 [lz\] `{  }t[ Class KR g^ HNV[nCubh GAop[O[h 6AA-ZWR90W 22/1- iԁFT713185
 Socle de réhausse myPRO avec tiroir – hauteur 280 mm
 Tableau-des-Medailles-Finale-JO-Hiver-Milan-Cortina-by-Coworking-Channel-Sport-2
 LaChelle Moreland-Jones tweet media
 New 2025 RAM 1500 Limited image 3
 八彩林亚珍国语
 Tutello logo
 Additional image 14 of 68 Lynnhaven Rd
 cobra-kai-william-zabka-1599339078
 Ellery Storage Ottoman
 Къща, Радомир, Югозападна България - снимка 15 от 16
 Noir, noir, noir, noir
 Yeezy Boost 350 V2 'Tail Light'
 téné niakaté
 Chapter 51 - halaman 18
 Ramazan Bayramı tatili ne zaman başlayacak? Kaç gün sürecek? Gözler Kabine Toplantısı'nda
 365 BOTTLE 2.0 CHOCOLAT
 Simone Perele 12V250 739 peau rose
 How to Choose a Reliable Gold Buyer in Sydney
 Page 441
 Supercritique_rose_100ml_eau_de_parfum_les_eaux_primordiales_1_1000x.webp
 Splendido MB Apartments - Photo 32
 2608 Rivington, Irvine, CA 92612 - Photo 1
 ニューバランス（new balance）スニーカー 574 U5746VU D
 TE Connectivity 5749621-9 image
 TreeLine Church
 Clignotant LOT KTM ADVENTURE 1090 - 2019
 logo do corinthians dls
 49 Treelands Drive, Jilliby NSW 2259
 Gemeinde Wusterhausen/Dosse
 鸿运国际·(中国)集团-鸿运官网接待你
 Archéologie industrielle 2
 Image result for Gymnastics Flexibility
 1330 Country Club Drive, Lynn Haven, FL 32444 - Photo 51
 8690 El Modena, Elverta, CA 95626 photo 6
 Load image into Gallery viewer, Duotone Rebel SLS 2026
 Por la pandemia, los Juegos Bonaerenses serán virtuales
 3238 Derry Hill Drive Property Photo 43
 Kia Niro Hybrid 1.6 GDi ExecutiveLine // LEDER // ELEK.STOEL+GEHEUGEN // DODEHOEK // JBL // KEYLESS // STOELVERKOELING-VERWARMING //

****

EXERCISE GOAL:
Find the lines above that contain the word "Drive" and copy each one.

PROBLEM SOLUTION:
 49 Treelands Drive, Jilliby NSW 2259
 1330 Country Club Drive, Lynn Haven, FL 32444 - Photo 51
 3238 Derry Hill Drive Property Photo 43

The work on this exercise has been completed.